A partir du XVIIIe siècle, plusieurs centaines de troupeaux laitiers étaient dénombrés aux portes de Paris. En 1900, les 500 vacheries recensées logeaient 5 000 vaches laitières. Il s’agissait d’élevages hors sol conduits dans des bâtiments insalubres.
Né en 1768 à Paris, rue du Faubourg Saint Martin (actuellement 10e arrondissement –quartier gare de l’Est), Jean-Baptiste Quintaine était cultivateur et nourrisseur. En 1819, il possédait à sa mort 36 vaches laitières et 6 chevaux hors d’âge. Il était un des nombreux nourrisseurs recensés par Michel Gautier, chercheur à l’Inra, dans un ouvrage intitulé « Les vaches de Paris, de la régence à la rénovation ».
A la fin du XVIIIe et au début du XIXe siècle, on dénombrait des centaines de nourrisseurs aux portes de Paris. Ils possédaient chacun une étable où logeaient 6 à 10 vaches en moyenne qu’ils trayaient deux fois par jour. Le lait était ensuite livré à des commerçants ou vendu directement à la ferme.
Les races de vaches n’étaient pas encore bien définies à l’époque. Dans les inventaires, on mentionnait plutôt les vaches par couleur.
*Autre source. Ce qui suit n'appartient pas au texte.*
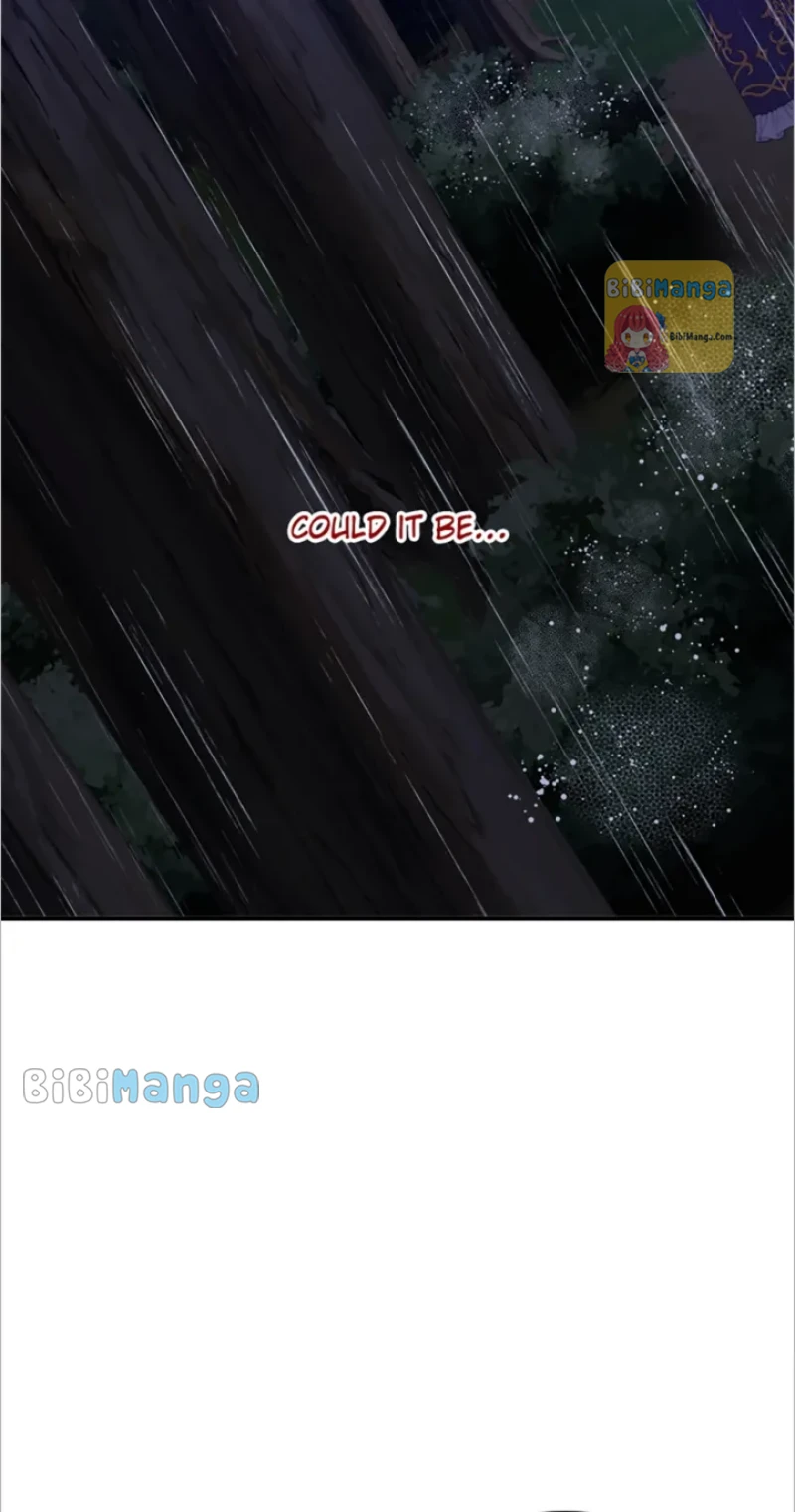 I Corrupted the Good Male Lead Chapter 41 - page 41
Ainsi, 50 % d’entre elles étaient rouges mais on distinguait cependant les races normandes et flamandes des autres animaux.
L’essor de l’élevage laitier n’a pas cessé tout au long du XIXe siècle. Le site http://pietondeparis dénombe ainsi, en 1892, 502 nourrisseurs : « Le nombre de vaches possédées variait suivant la taille des vacheries. Les plus petites n’en logeaient qu’une dizaine mais la moyenne se situait entre 10 et 20. La plus importante ferme se trouvait dans le Jardin d’acclimatation qui possédait à elle seule plus de 80 vaches. »
Au total, il y avait 5 000 vaches dans les élevages, selon reporterre.net. La dernière a fermé dans les années 1950. « Les vaches donnèrent leur nom à des lieux et des rues de Paris et de banlieue. Au XVIe siècle, existe à Grenelle le chemin aux Vaches… La rue aux vaches est aujourd’hui rue Saint-Dominique », ajoute le site http://pietondeparis.
Les vaches en début de lactation étaient achetées dans des marchés aux bestiaux à l’extérieur de Paris ou en province. Et après un long périple qui les conduisait à la capitale, elles étaient conservées 12 à 18 mois dans des étables, le temps d’une campagne laitière, avant d’être conduites à l’abattoir.
Les conditions d’élevage étaient très mauvaises. Les animaux étaient attachés et logés dans des bâtiments exigüs. Peu aérés, ces derniers n’avaient en fait pas été construits pour devenir des étables.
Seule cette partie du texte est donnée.